#### [Listed entries]
#####
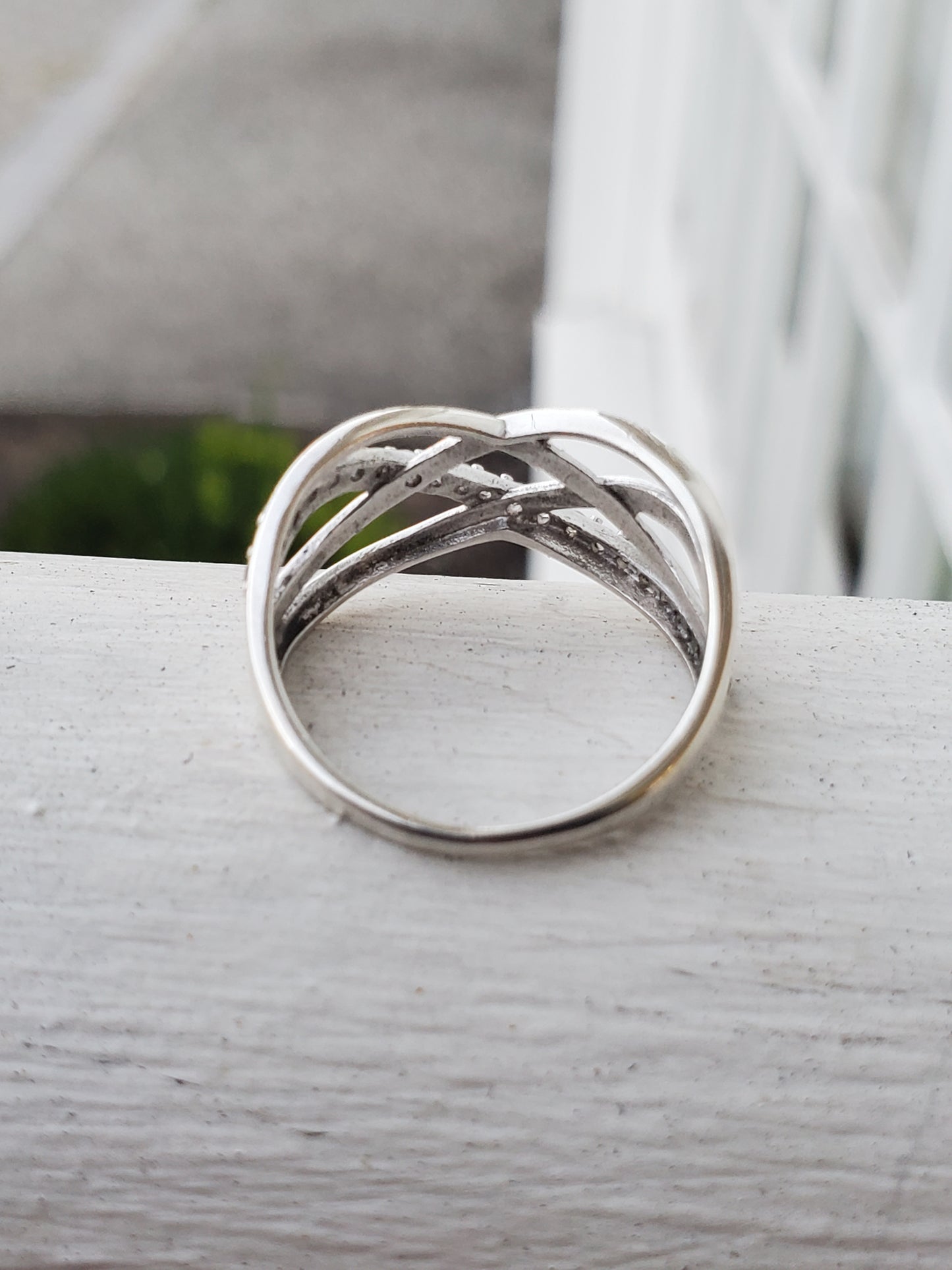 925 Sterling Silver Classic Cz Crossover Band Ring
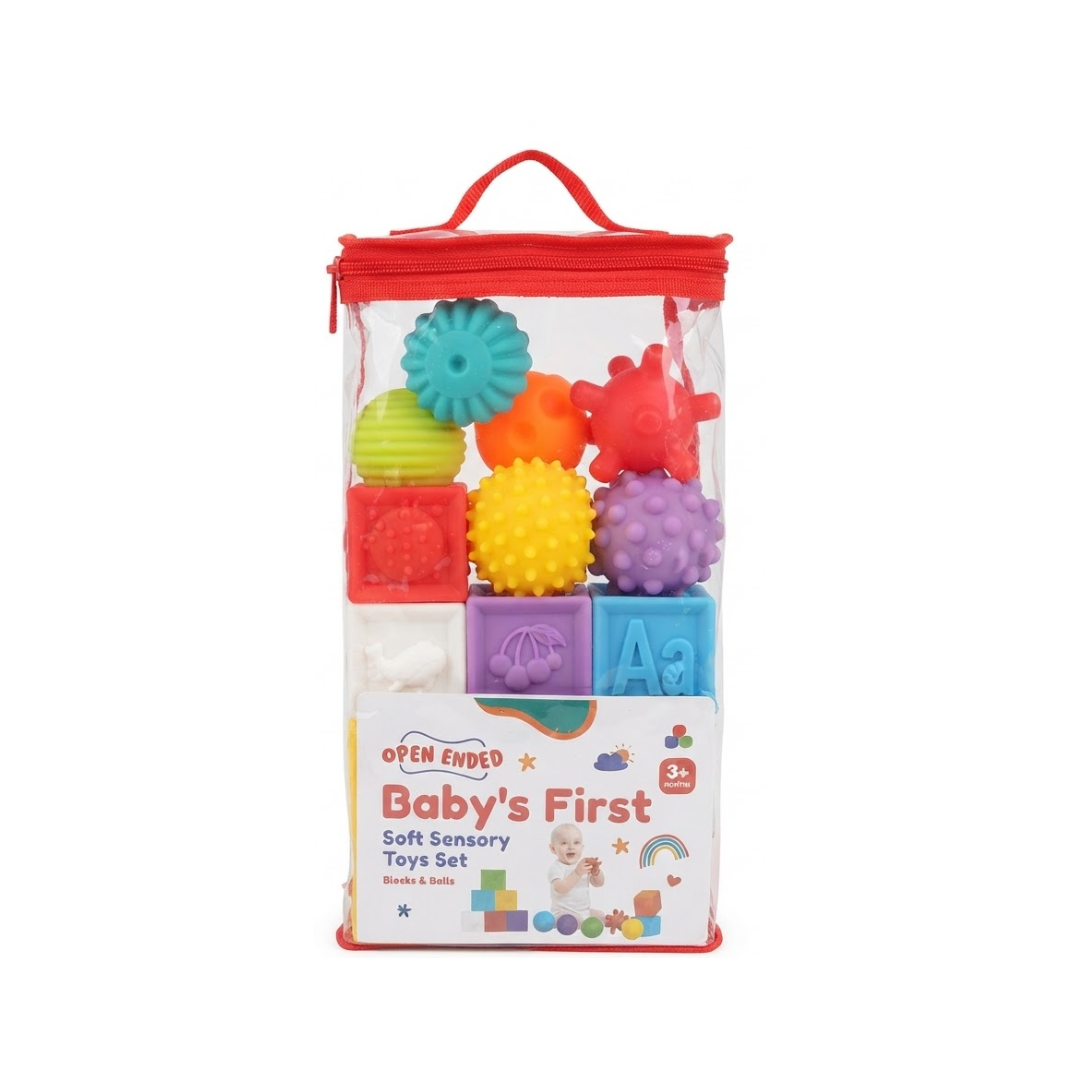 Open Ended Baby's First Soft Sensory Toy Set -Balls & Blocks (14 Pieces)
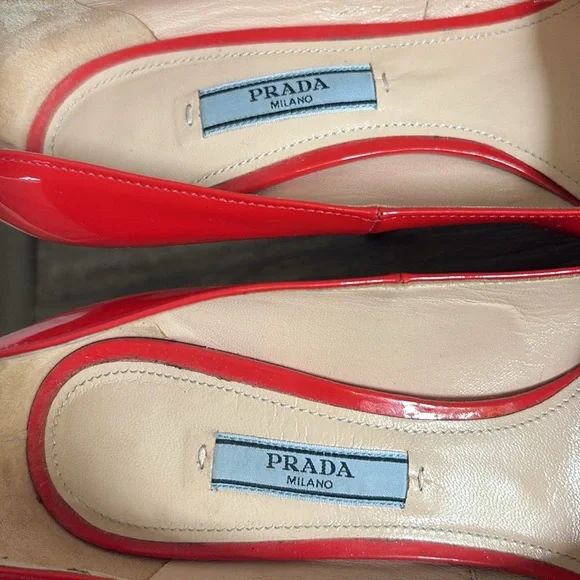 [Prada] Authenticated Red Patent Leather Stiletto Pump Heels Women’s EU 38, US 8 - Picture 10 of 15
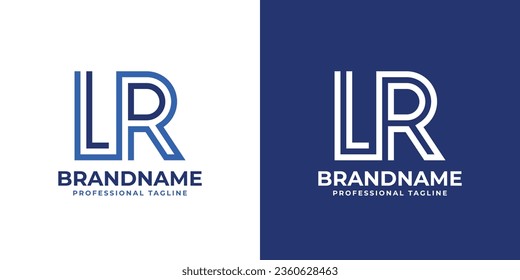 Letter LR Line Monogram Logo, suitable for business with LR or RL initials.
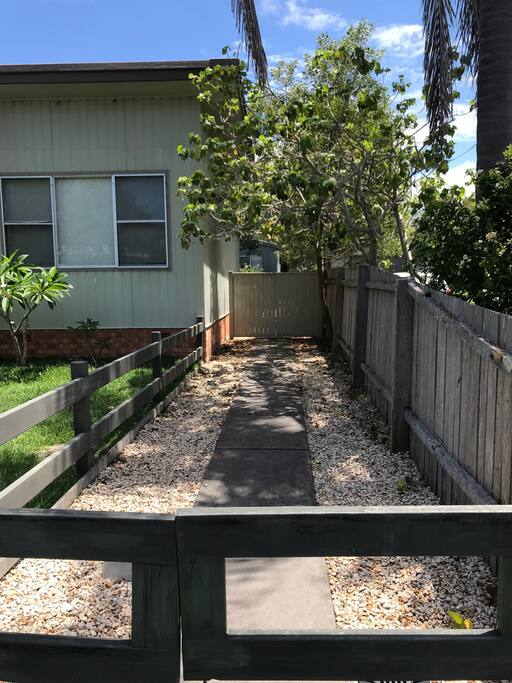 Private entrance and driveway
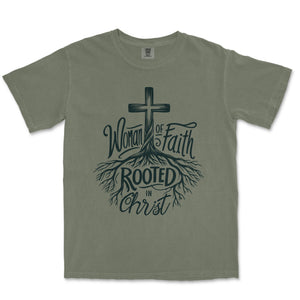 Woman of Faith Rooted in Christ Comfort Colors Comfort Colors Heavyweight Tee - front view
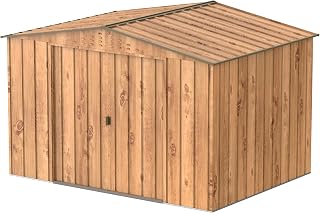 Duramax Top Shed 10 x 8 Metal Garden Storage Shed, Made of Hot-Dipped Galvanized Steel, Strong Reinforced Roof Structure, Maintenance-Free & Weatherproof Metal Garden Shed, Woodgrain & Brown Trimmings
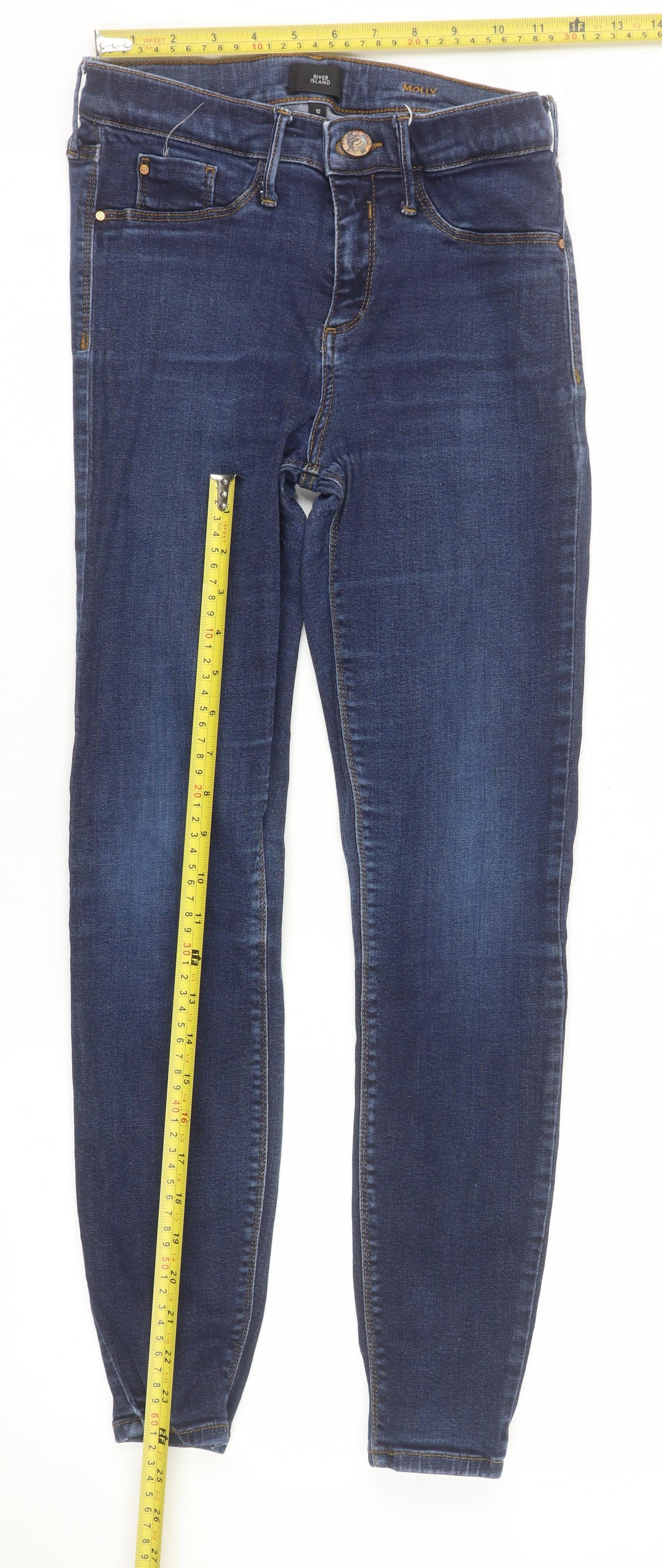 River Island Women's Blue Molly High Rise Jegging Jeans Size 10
#####
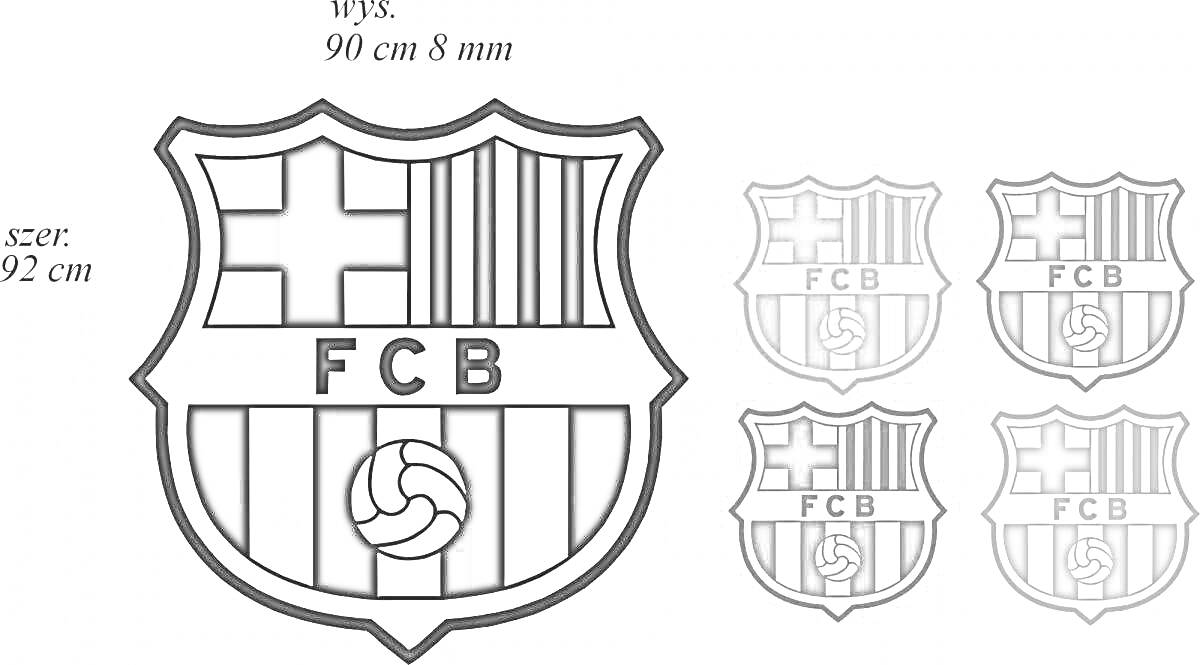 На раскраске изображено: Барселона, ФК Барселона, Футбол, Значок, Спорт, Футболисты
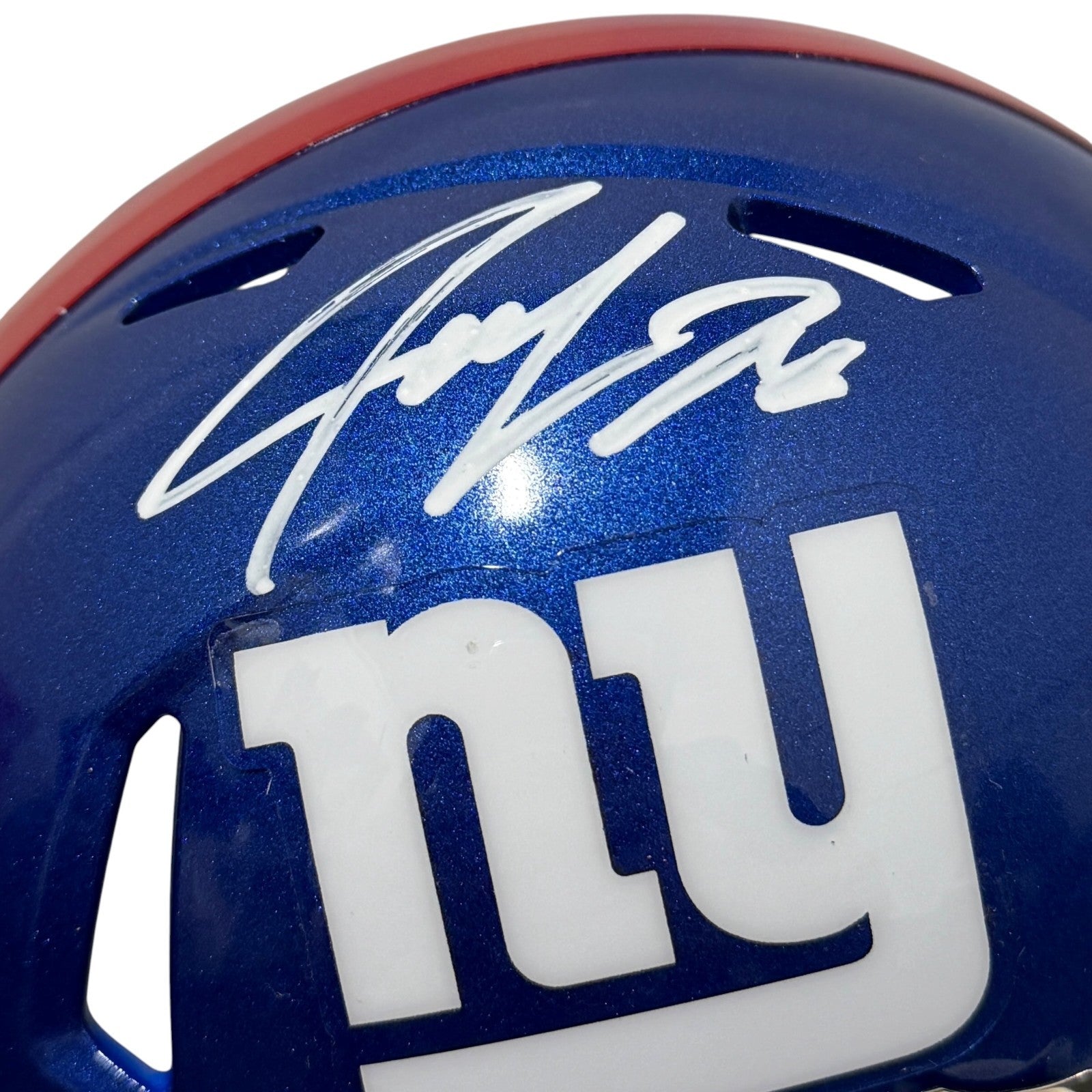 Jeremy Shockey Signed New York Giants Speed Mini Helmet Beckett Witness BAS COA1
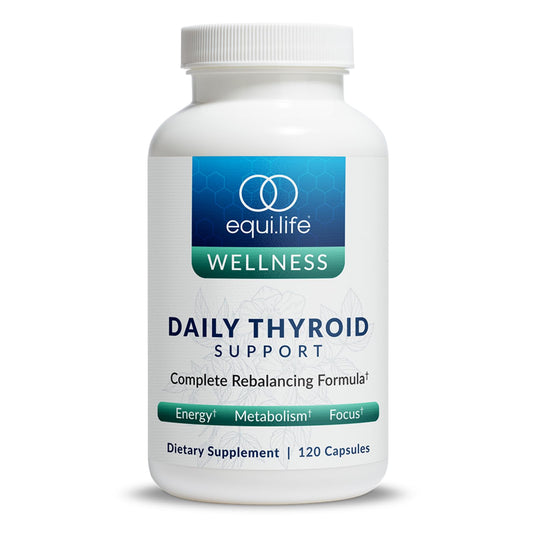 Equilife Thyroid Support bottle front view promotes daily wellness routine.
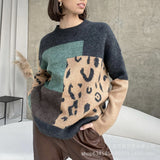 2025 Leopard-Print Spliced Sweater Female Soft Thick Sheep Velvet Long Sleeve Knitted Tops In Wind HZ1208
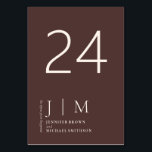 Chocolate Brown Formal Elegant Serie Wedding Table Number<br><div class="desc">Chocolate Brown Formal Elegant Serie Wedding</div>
#####
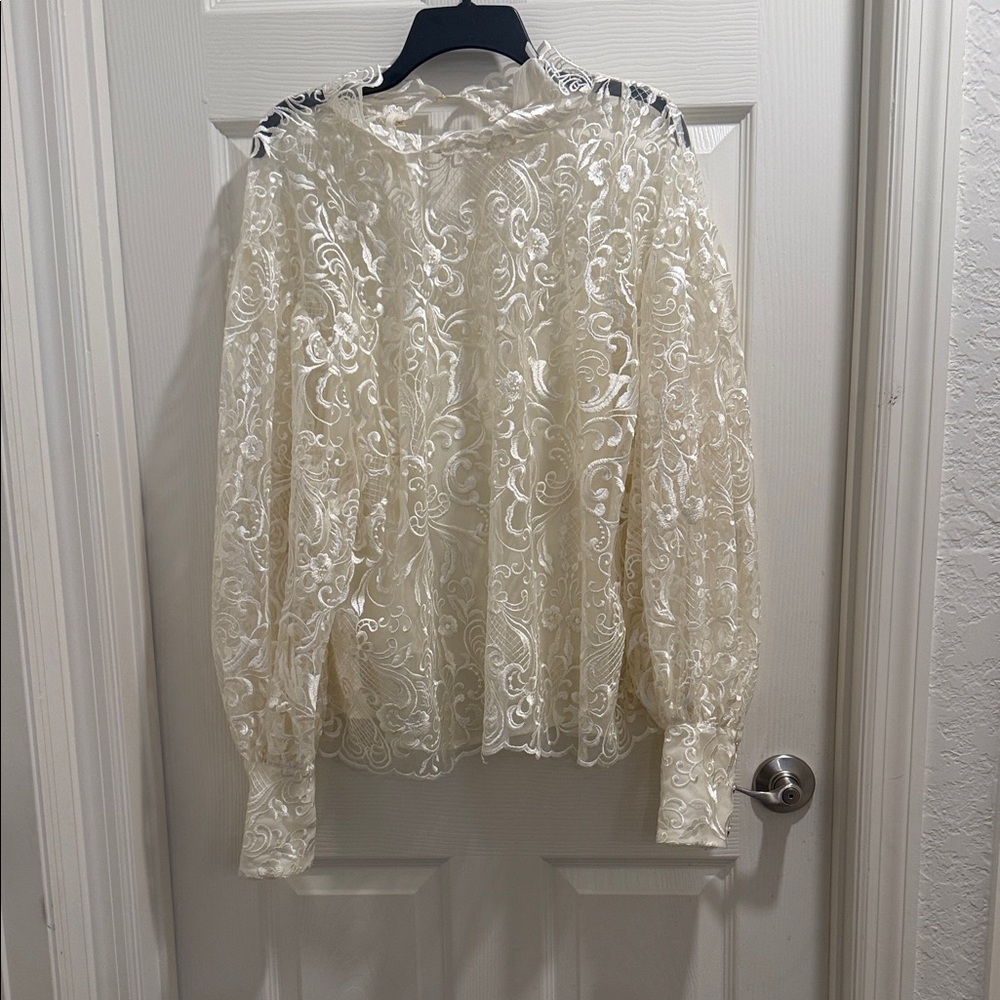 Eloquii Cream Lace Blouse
#####
#### [Task goal]
Above are records; write out the lines from the one with "Woman of Faith" down to the one with "River Island Women's", exactly, leaving the pictures out.

#### [Answer below]
 Woman of Faith Rooted in Christ Comfort Colors Comfort Colors Heavyweight Tee - front view
 Duramax Top Shed 10 x 8 Metal Garden Storage Shed, Made of Hot-Dipped Galvanized Steel, Strong Reinforced Roof Structure, Maintenance-Free & Weatherproof Metal Garden Shed, Woodgrain & Brown Trimmings
 River Island Women's Blue Molly High Rise Jegging Jeans Size 10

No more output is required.